[Start of Attachment]

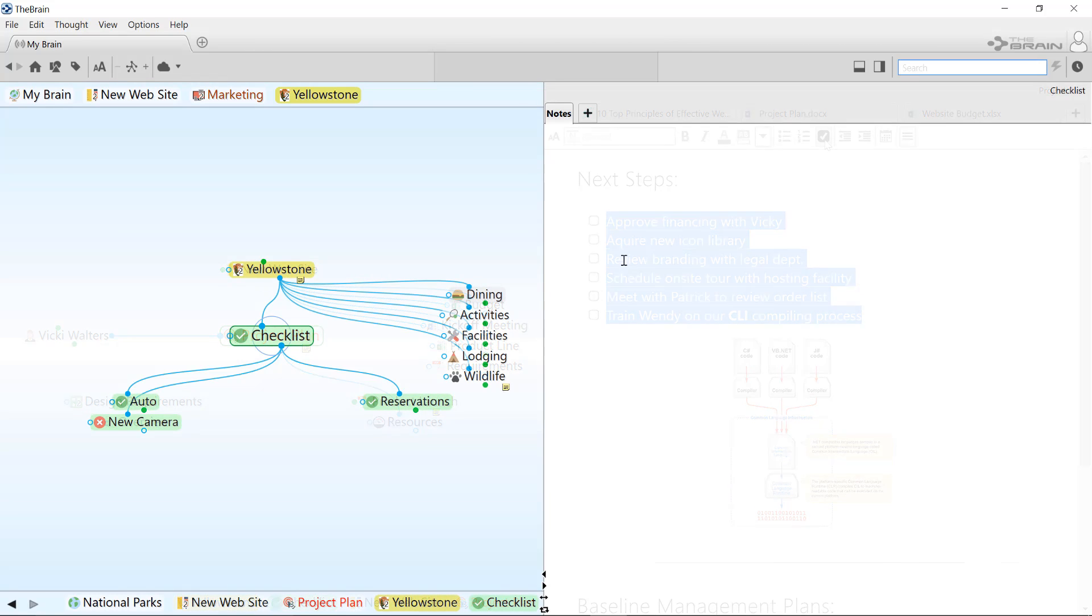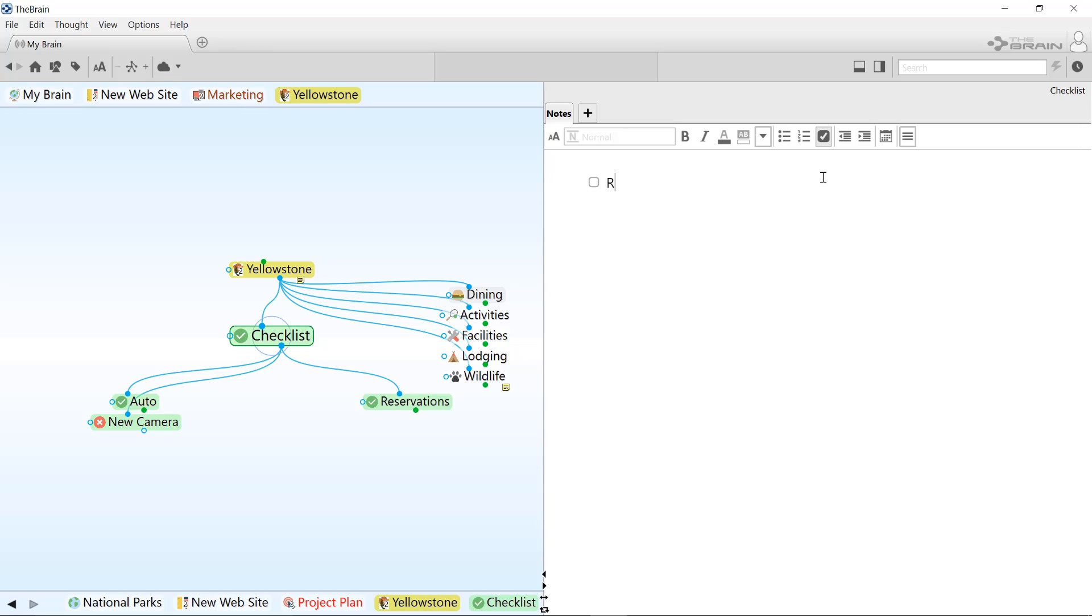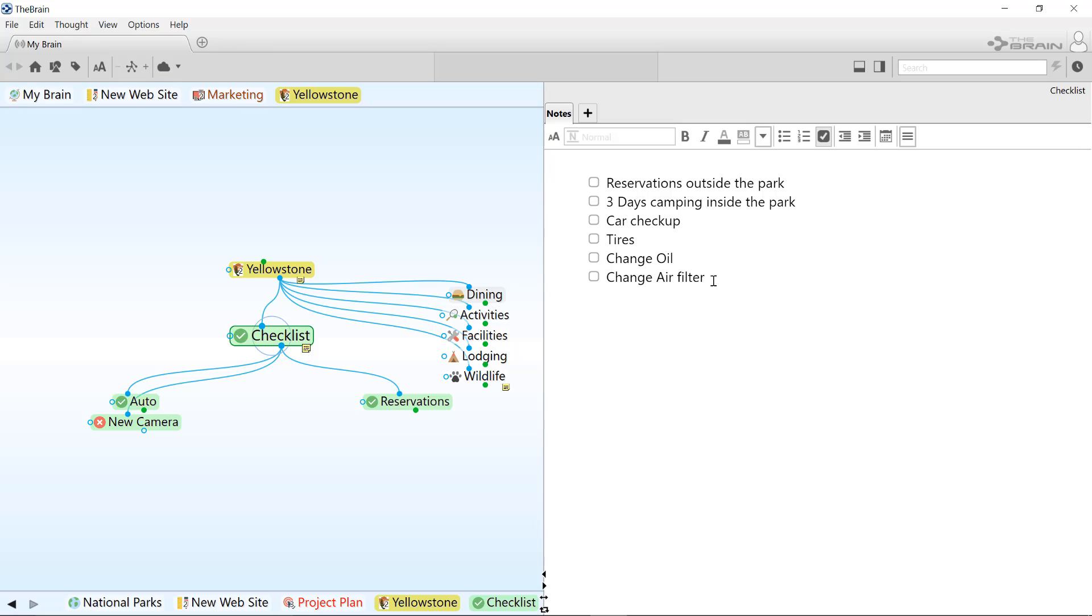To use the checkboxes, just click the checkbox icon in your notes toolbar and start your list. Pressing enter will create a new checklist item on the next line. Subsets can even be added.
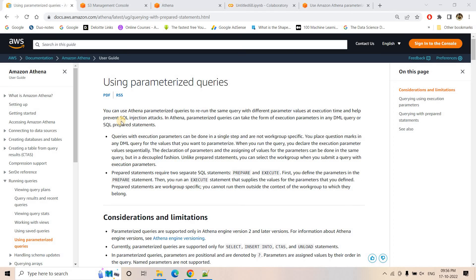Hello friends, welcome to our channel Knowledge Amplifier. Today in this video, let us try to understand one particular feature of Amazon Athena, and that is using parameterized queries. What are those, how to use them, how to prepare them, and how these queries can help us serve business needs with less effort and reusable code — these are the topics I'm going to discuss today.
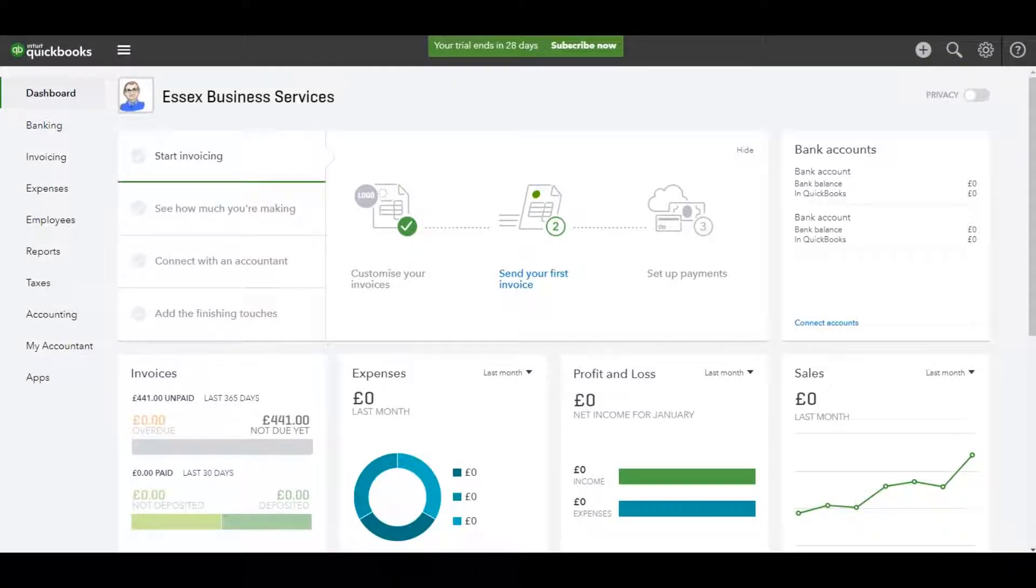Hello there, this is the Bookkeeping Master on YouTube. Welcome to another video in this QuickBooks Online tutorial series.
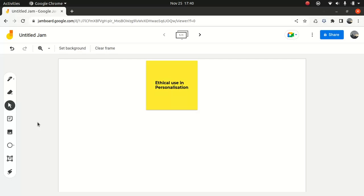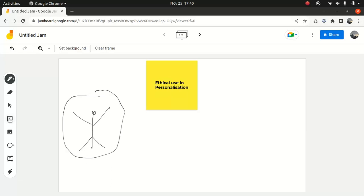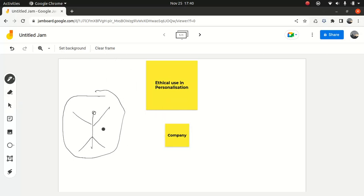So what I mean by ethical use and personalization: obviously you as a business — I like this strawman analogy, so this is the head, this is the leg — let's say you are a customer and I'm dealing with a business, a company. Now if I'm dealing with a company, obviously I as a customer have a few expectations.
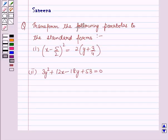Hello and welcome to the session. In this session we will discuss a question which says: transform the following parabolas to the standard forms. First part: (x minus 5/2)² = 2(y + 3/4). Second part: 3y² + 12x − 18y + 53 = 0.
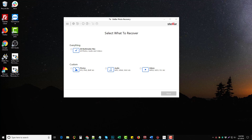Hey, this is Chris, and in today's video I'm going to show you how to recover deleted photos that are as old as five years old or even more using Stellar Photo Recovery. I'm going to put the link for this tool directly under this video in the description box where you can download a free trial version to check if you can recover your files before you ever buy it.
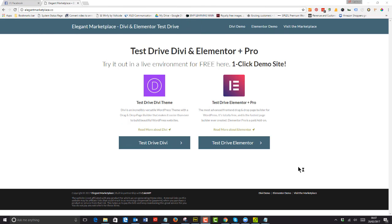Here's a little thing that Munir Kamal put together for us at Elegant Marketplace. It's a Divi and Elementor test drive. It's really very easy to use.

[End of Attachment]

Please reproduce every entry above exactly, but leave out the pictures.

> [Response area]:
To use the checkboxes, just click the checkbox icon in your notes toolbar and start your list. Pressing enter will create a new checklist item on the next line. Subsets can even be added.
Hello friends, welcome to our channel Knowledge Amplifier. Today in this video, let us try to understand one particular feature of Amazon Athena, and that is using parameterized queries. What are those, how to use them, how to prepare them, and how these queries can help us serve business needs with less effort and reusable code — these are the topics I'm going to discuss today.
Hello there, this is the Bookkeeping Master on YouTube. Welcome to another video in this QuickBooks Online tutorial series.
So what I mean by ethical use and personalization: obviously you as a business — I like this strawman analogy, so this is the head, this is the leg — let's say you are a customer and I'm dealing with a business, a company. Now if I'm dealing with a company, obviously I as a customer have a few expectations.
Hello and welcome to the session. In this session we will discuss a question which says: transform the following parabolas to the standard forms. First part: (x minus 5/2)² = 2(y + 3/4). Second part: 3y² + 12x − 18y + 53 = 0.
Hey, this is Chris, and in today's video I'm going to show you how to recover deleted photos that are as old as five years old or even more using Stellar Photo Recovery. I'm going to put the link for this tool directly under this video in the description box where you can download a free trial version to check if you can recover your files before you ever buy it.
Here's a little thing that Munir Kamal put together for us at Elegant Marketplace. It's a Divi and Elementor test drive. It's really very easy to use.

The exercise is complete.